* [WHAT THE TASK REQUIRES] Taking only the lines of the data below from the line with "Methi Seed 1kg" to the line with "Les Chamaecyparis obtusa", ends included, write them out exactly and without pictures.
MATERIAL PROVIDED below:
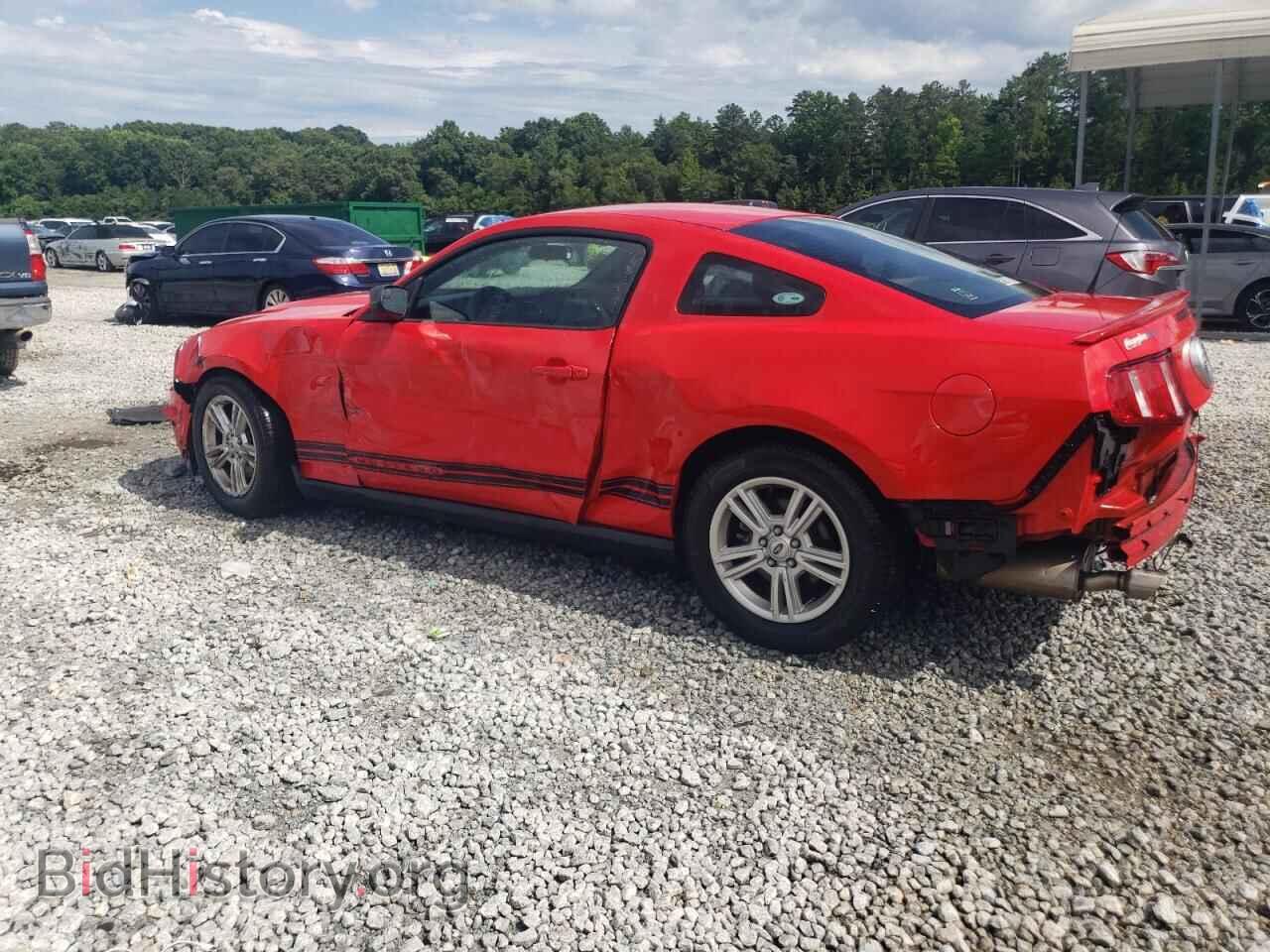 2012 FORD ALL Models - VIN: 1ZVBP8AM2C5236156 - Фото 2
End of MATERIAL PROVIDED.
MATERIAL PROVIDED below:
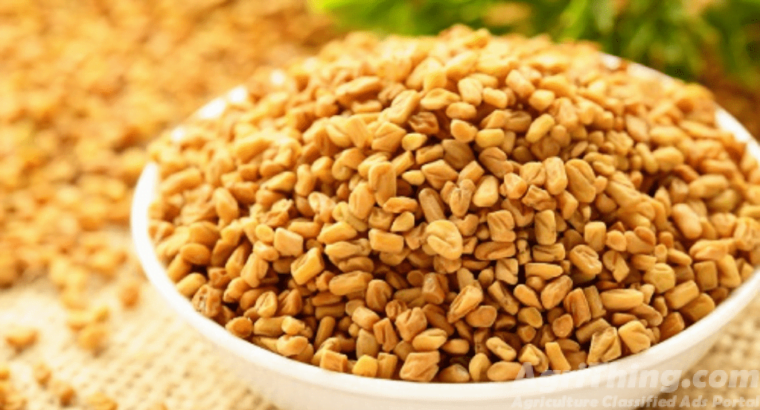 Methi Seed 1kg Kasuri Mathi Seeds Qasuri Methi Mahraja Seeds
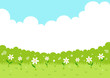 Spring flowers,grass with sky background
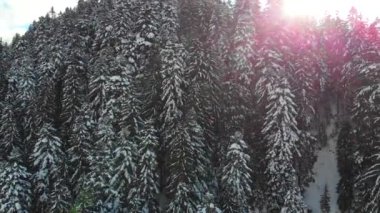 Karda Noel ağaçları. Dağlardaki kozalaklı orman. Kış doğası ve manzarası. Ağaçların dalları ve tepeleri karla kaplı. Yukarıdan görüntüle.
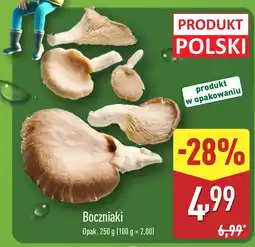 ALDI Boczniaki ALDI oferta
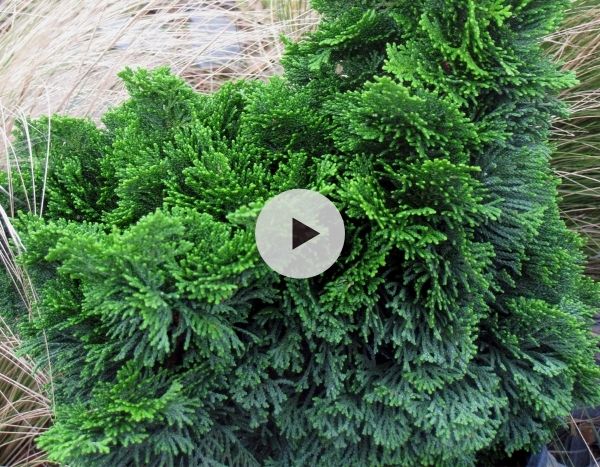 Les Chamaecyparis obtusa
End of MATERIAL PROVIDED.
* [ANSWER]
 Methi Seed 1kg Kasuri Mathi Seeds Qasuri Methi Mahraja Seeds
 Spring flowers,grass with sky background
 Karda Noel ağaçları. Dağlardaki kozalaklı orman. Kış doğası ve manzarası. Ağaçların dalları ve tepeleri karla kaplı. Yukarıdan görüntüle.
 ALDI Boczniaki ALDI oferta
 Les Chamaecyparis obtusa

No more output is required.